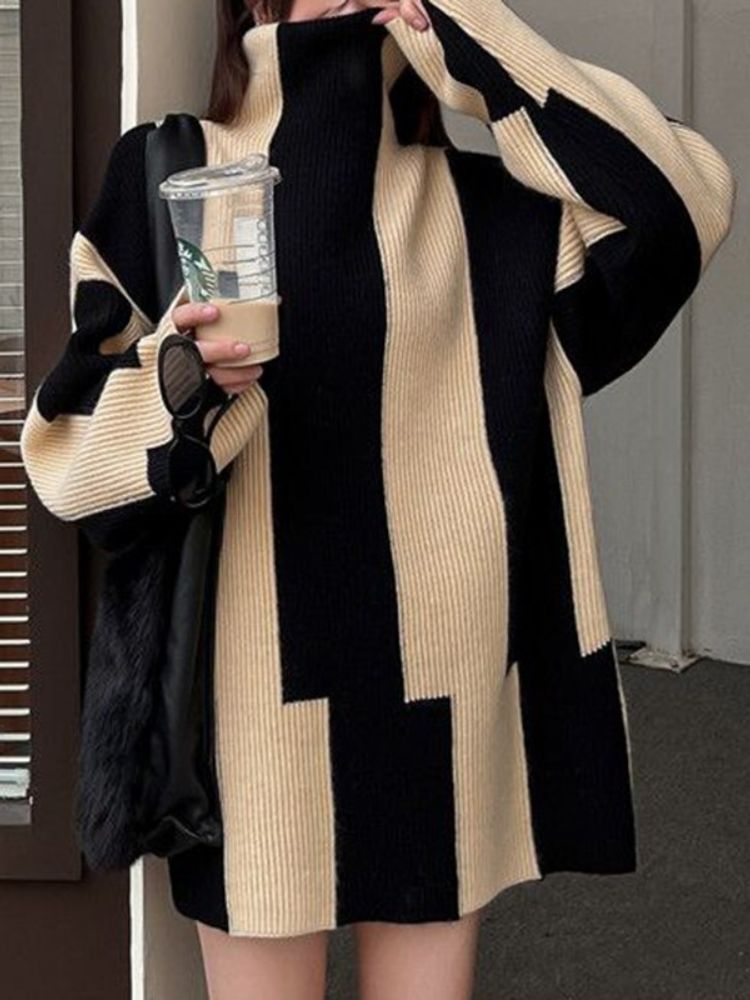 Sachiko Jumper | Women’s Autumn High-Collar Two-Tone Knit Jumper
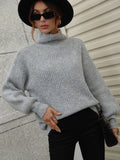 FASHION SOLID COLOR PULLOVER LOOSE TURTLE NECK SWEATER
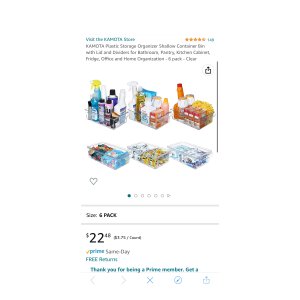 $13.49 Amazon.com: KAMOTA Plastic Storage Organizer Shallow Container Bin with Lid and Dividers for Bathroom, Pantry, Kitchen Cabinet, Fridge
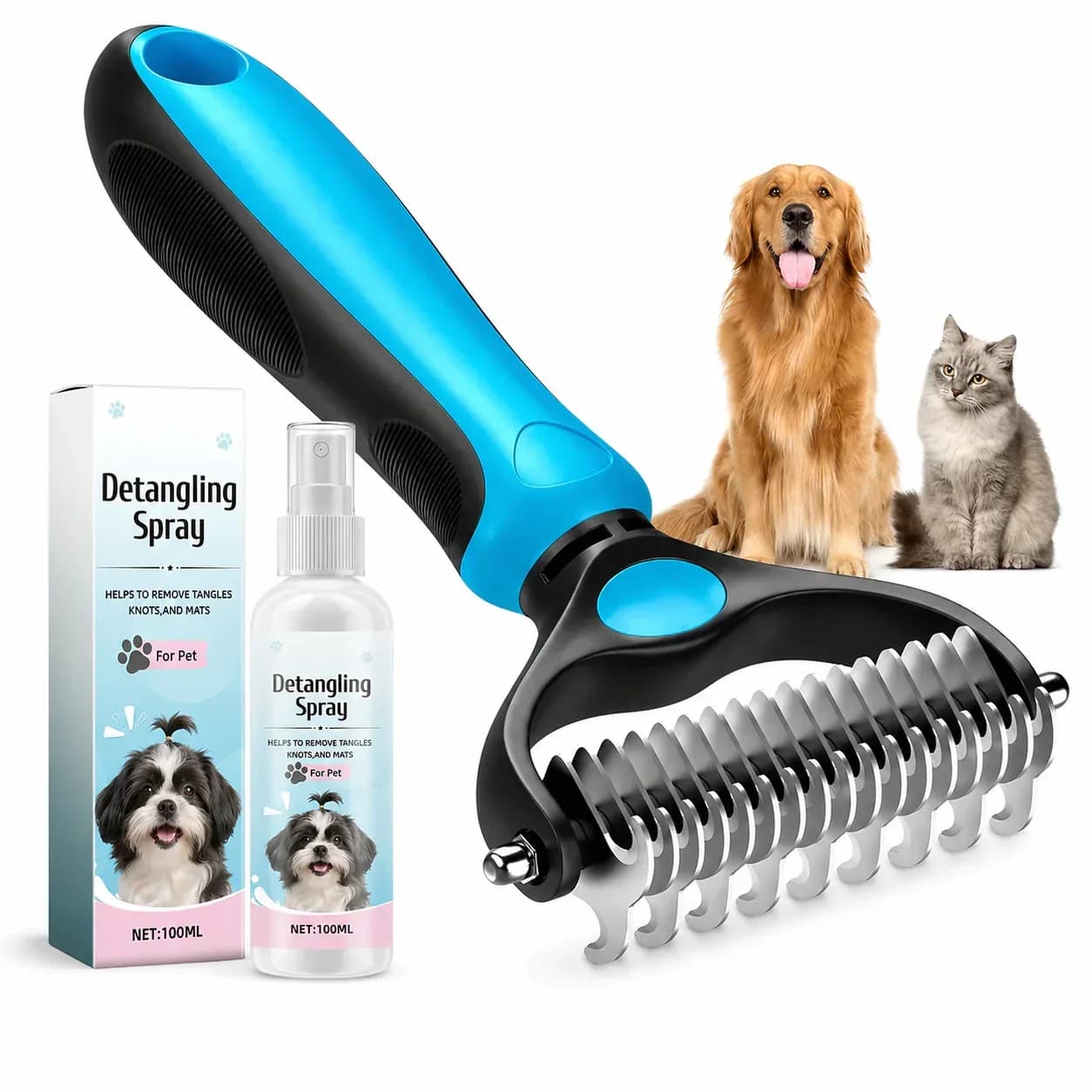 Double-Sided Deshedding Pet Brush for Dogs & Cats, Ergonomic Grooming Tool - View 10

INSTRUCTIONS FOR THE TASK: Exact copy, pictures omitted: every line from the one holding "Kitchen Cabinet, Fridge" through the last line of the data above, and nothing else.

ANSWER TO THIS PROBLEM:
 $13.49 Amazon.com: KAMOTA Plastic Storage Organizer Shallow Container Bin with Lid and Dividers for Bathroom, Pantry, Kitchen Cabinet, Fridge
 Double-Sided Deshedding Pet Brush for Dogs & Cats, Ergonomic Grooming Tool - View 10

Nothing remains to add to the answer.